Edited by Kimberly J. Cook, Jason M. Williams, Reneè D. Lamphere, Stacie L. Mallicoat (MBio'73), and Alissa R. Ackerman
(Rowman & Littlefield Publishers, 260 pages; 2022)
Survivor Criminology: A Radical Act of Hope is a trauma-informed approach to the study of crime and justice that stems from the lived experiences of crime survivors. The chapters within this volume explore our authors’ who have each had close personal encounters with violence and death, as well as institutionalized oppressions based on racism, heterosexism, sexism, and poverty. As scholars, professors, practitioners, and students in the field, these lived experiences with crime and criminal justice have shaped their research, teaching, and advocacy work. Their voices represent experiences that are intersectional, mult-igenerational, global, trauma-informed and resiliency focused.
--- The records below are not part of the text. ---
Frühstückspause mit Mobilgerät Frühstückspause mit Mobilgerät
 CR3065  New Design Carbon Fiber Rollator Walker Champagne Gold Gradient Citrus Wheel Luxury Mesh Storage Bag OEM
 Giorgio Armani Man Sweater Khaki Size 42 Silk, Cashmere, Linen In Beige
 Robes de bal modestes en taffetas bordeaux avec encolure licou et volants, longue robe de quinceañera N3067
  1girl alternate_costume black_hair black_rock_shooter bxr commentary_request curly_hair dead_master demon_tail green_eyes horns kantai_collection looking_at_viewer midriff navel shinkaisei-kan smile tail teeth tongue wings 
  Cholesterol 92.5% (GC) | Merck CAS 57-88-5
They are deliberately and decidedly anti-racist, and their experiences acknowledge the harm that has resulted from institutionalized and structural trauma. Most importantly, their stories are grounded in their lived experiences.
This volume offers survivor criminology as a radical act of hope. Our hope comes from the belief that a trauma-centered approach to crime, justice, and healing provides the opportunity for criminology to expand its theoretical and methodological roots. We see this work as transformative for the discipline - for students, scholars, members of the community, and policy-makers.